━━━ Records supplied ━━━
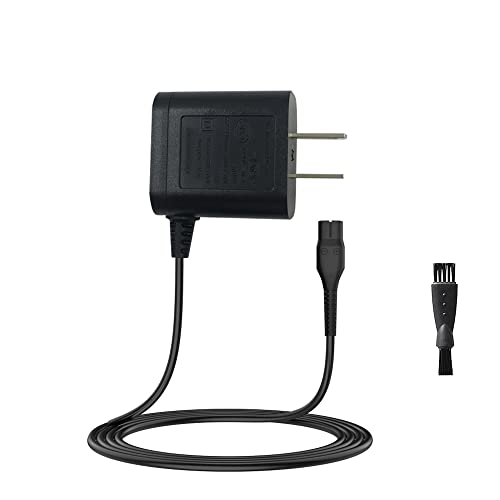 4.3V Philips Norelco One blade Charger Power Cord, Power Supply Adapter for Norelco OneBlade QP2520, QP2520 / 90, QP2520 / 70, QP2520 / 72 Hybrid Electric Trimmer and Shaver(Fits QP2520 Only)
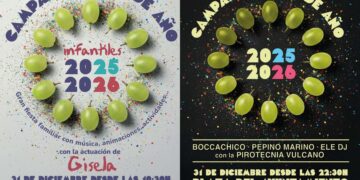 Valéncia recibirá el 2026 con un gran despliegue musical y campanadas infantiles con la voz de Gisela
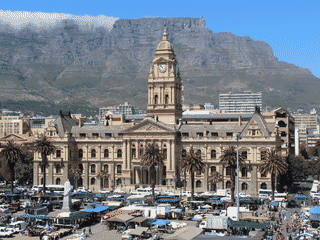 A view of Cape Town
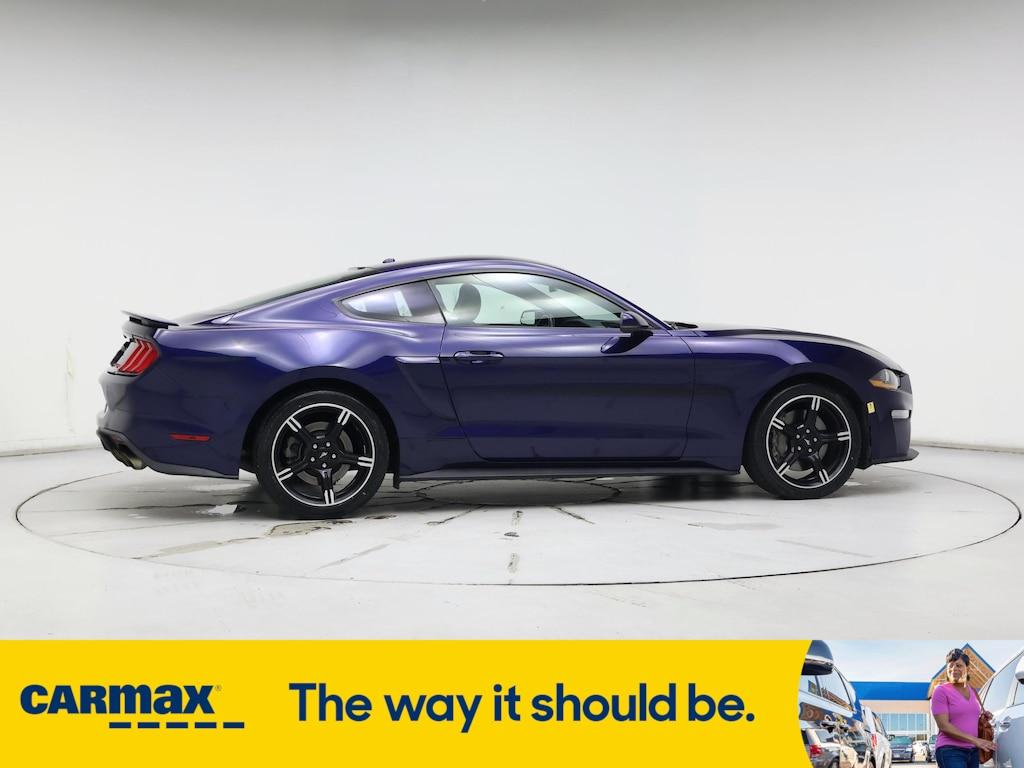 used 2019 Ford Mustang car, priced at $36,998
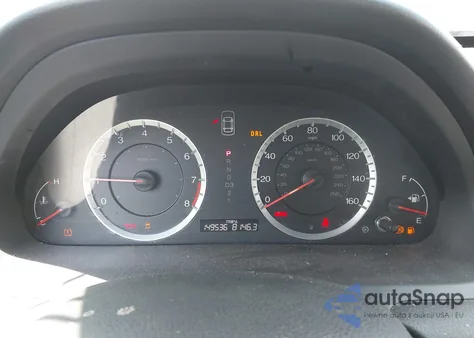 2012 Honda Accord 2.4 Ex-L из США, поврежденный, VIN 1HGCP2F84CA181993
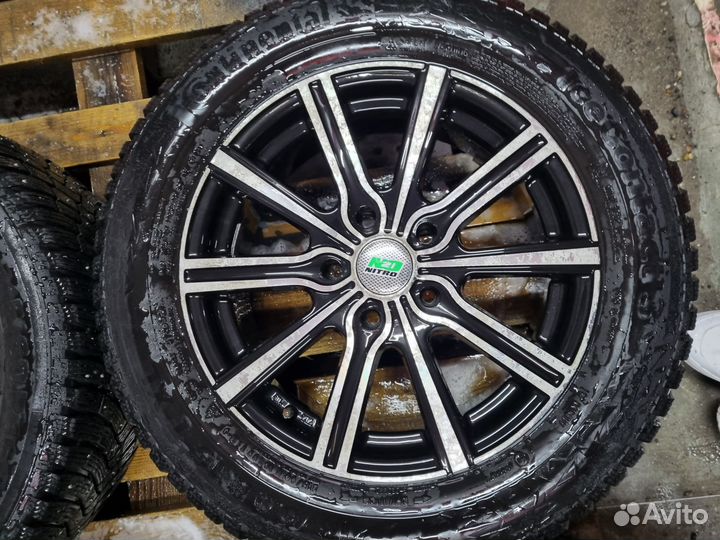 Комплект литых дисков Nitro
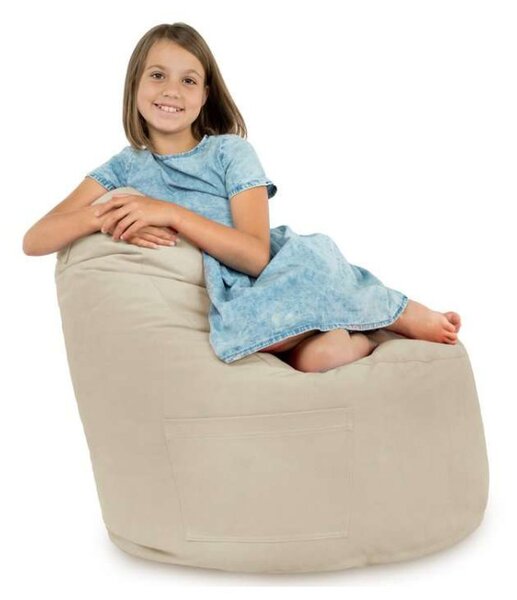 Křeslo Porto sametové, perlové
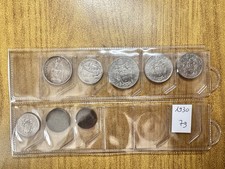 SERIE 8 MONETE VATICANO PIO XI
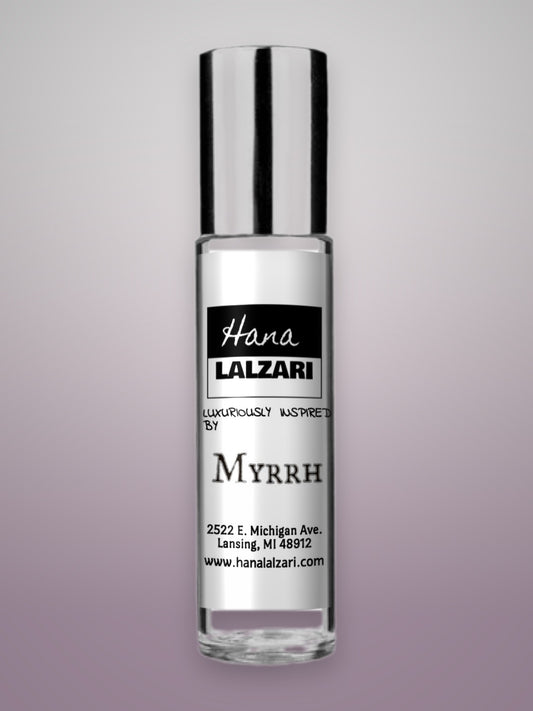 Luxuriously Inspired by Myrrh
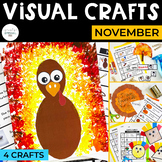 Visual Crafts | November | Thanksgiving | Special Education
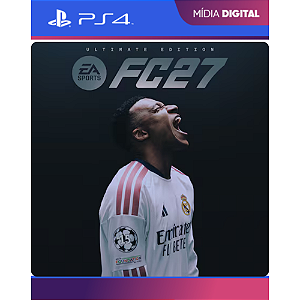 EA SPORTS FC 27 ULTIMATE PS4 - Mídia Digital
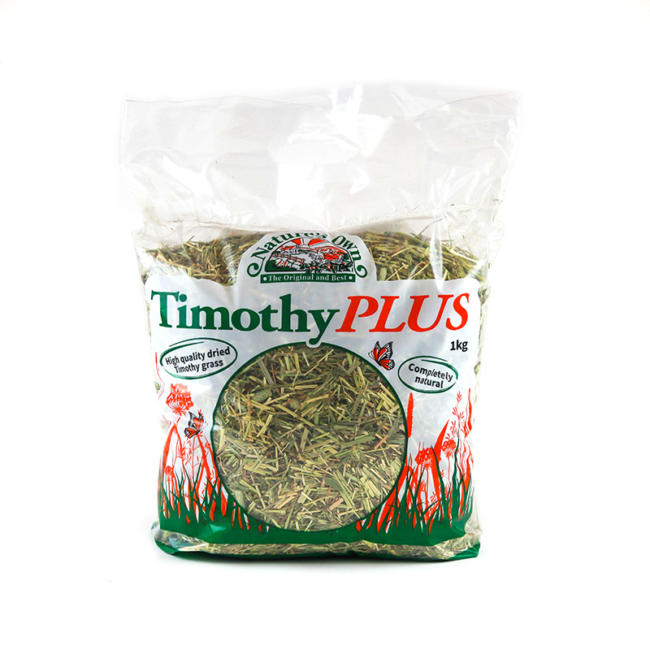 Timothy Plus Small Animal feed Nature's Own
━━━
## Requirement
Retype, please, exactly the lines that begin with the one containing "2012 Honda Accord" and end at the last line of the entries above, both included, leaving out pictures.

## Task output
 2012 Honda Accord 2.4 Ex-L из США, поврежденный, VIN 1HGCP2F84CA181993
 Комплект литых дисков Nitro
 Křeslo Porto sametové, perlové
 SERIE 8 MONETE VATICANO PIO XI
 Luxuriously Inspired by Myrrh
 Visual Crafts | November | Thanksgiving | Special Education
 EA SPORTS FC 27 ULTIMATE PS4 - Mídia Digital
 Timothy Plus Small Animal feed Nature's Own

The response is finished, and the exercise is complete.